**Data for this task:**
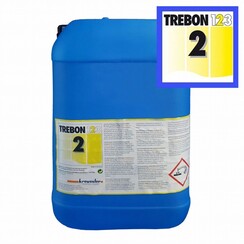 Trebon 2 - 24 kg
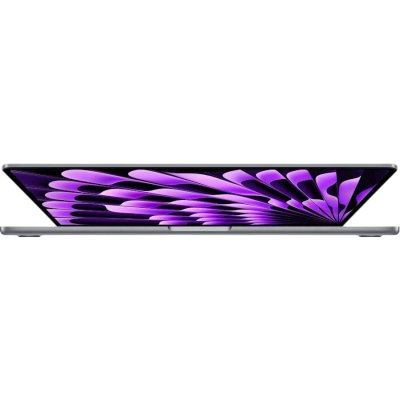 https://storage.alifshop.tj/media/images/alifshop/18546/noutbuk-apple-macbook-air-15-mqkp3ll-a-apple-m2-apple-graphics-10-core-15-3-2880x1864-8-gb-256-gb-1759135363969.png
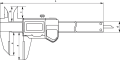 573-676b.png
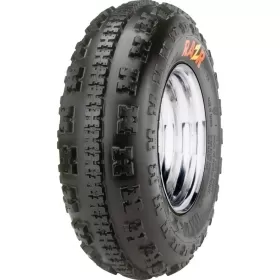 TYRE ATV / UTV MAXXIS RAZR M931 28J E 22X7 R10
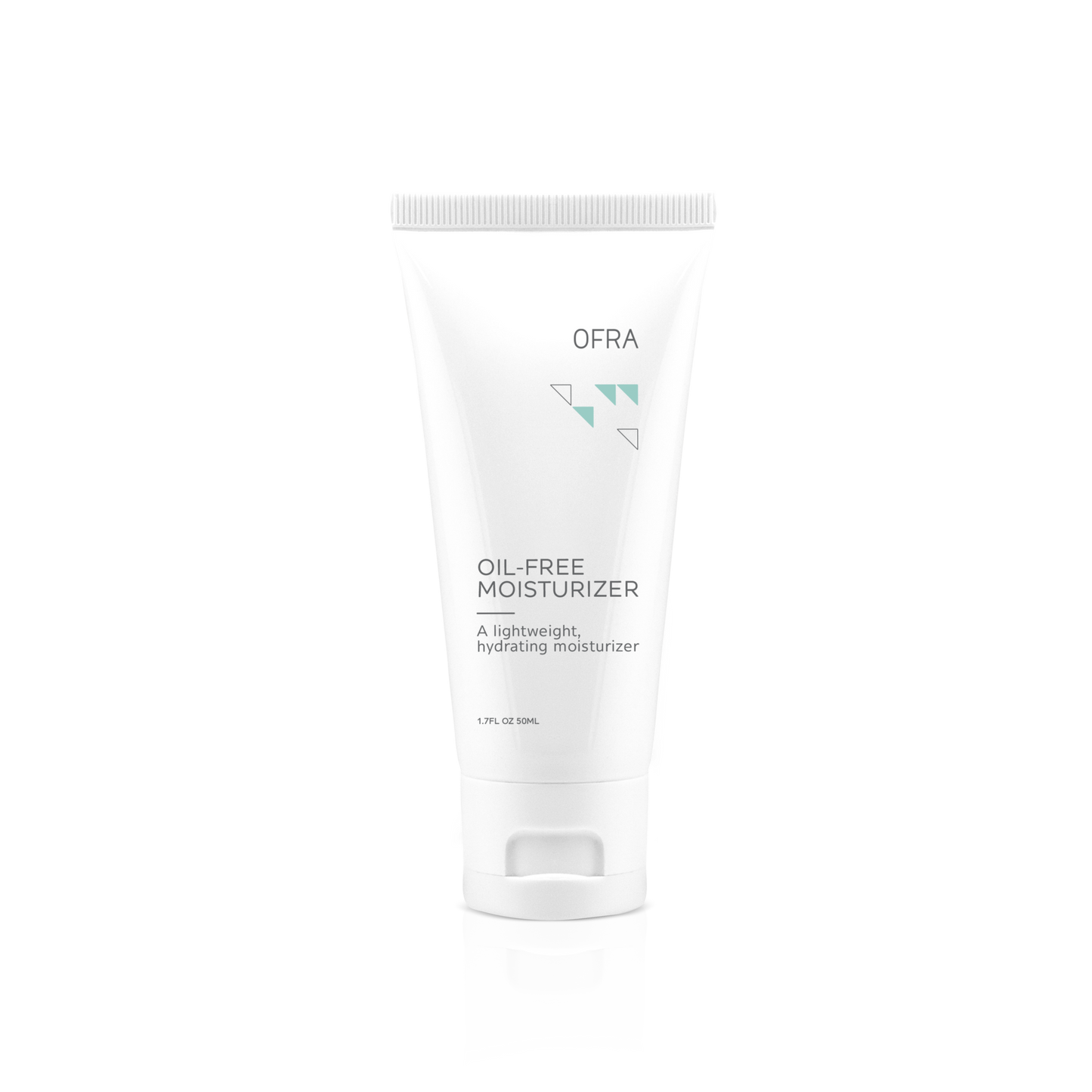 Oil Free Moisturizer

...

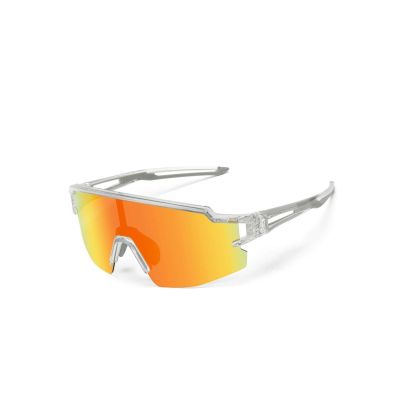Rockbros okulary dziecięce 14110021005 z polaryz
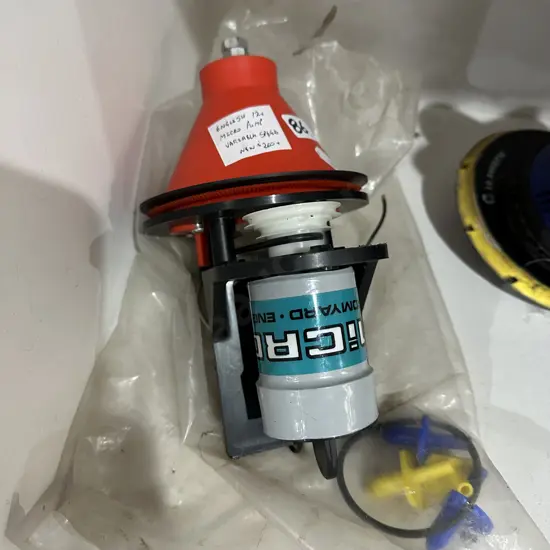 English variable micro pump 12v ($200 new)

**Problem to solve:** Exactly the lines above, from the one containing "Trebon 2 - 24 kg" down to the one containing "Oil Free Moisturizer", are to be repeated, including both ends. Pictures are not part of the copy.

**Written response:**
 Trebon 2 - 24 kg
 https://storage.alifshop.tj/media/images/alifshop/18546/noutbuk-apple-macbook-air-15-mqkp3ll-a-apple-m2-apple-graphics-10-core-15-3-2880x1864-8-gb-256-gb-1759135363969.png
 573-676b.png
 TYRE ATV / UTV MAXXIS RAZR M931 28J E 22X7 R10
 Oil Free Moisturizer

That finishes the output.